CoSO_{4} + Na_{2}WO_{4} → CoWO_{4}↓ + Na_{2}SO_{4}

Nanocrystalline CoWO_{4} can also be prepared hydrothermally. Hydrothermal syntheses without templates or surfactants have produced nanocrystals with sizes on the order of tens of nanometres.

== Structure and properties ==
Cobalt(II) tungstate crystallizes in the monoclinic crystal system with the wolframite-type structure, in space group P2/c (No. 13). Its structure contains distorted CoO_{6} and WO_{6} octahedra linked through shared edges and corners to form a three-dimensional framework.

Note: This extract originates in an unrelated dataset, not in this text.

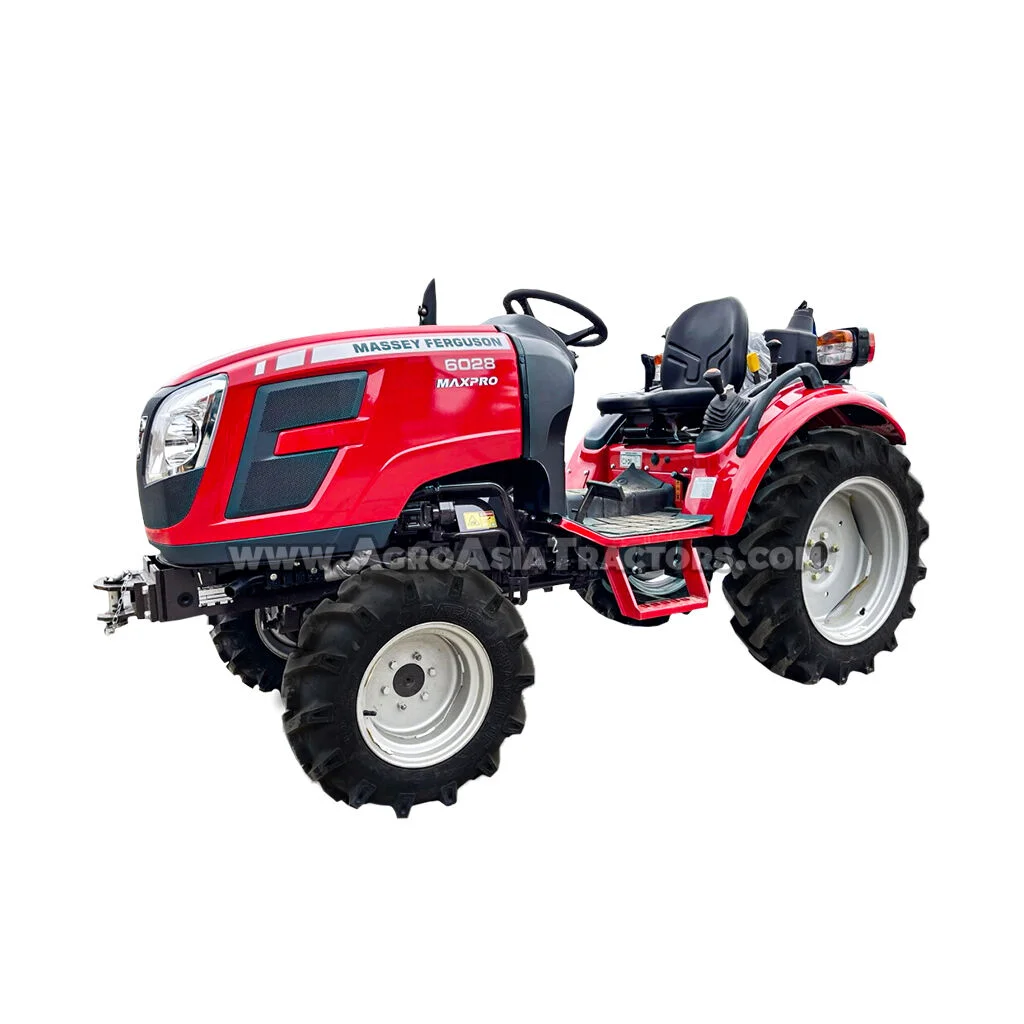 Massey Ferguson MF 6028 Tractor for sale a mini tractor by agroasia tractors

CoWO_{4} is paramagnetic at room temperature and becomes antiferromagnetic at low temperature. Nanocrystalline CoWO_{4} has a reported Néel temperature of about 40 K, somewhat lower than bulk material because of reduced exchange coupling in nanoscale particles.

It is also a semiconductor. Reported optical band gaps are typically in the vicinity of 2.7–2.9 eV, and CoWO_{4} has been described as showing p-type electrical conductivity.

CoWO_{4} is nearly insoluble in water but dissolves in hot concentrated acids.

== Occurrence ==
A material with the composition CoWO_{4} has been found in burning coal-mine waste and is known as krasnoselskite. Because it is of anthropogenic origin, it is not recognized by the International Mineralogical Association as a valid mineral species. It is classified structurally with the wolframite group.

== Applications ==
Cobalt(II) tungstate has been investigated as a photocatalyst and electrocatalyst. Recent research has examined CoWO_{4}-based materials for oxygen evolution, oxygen reduction, nitrate reduction, photocatalytic hydrogen evolution, carbon dioxide reduction and degradation of organic pollutants.

It has also been used as a ceramic pigment and has been investigated as a catalyst and functional oxide material.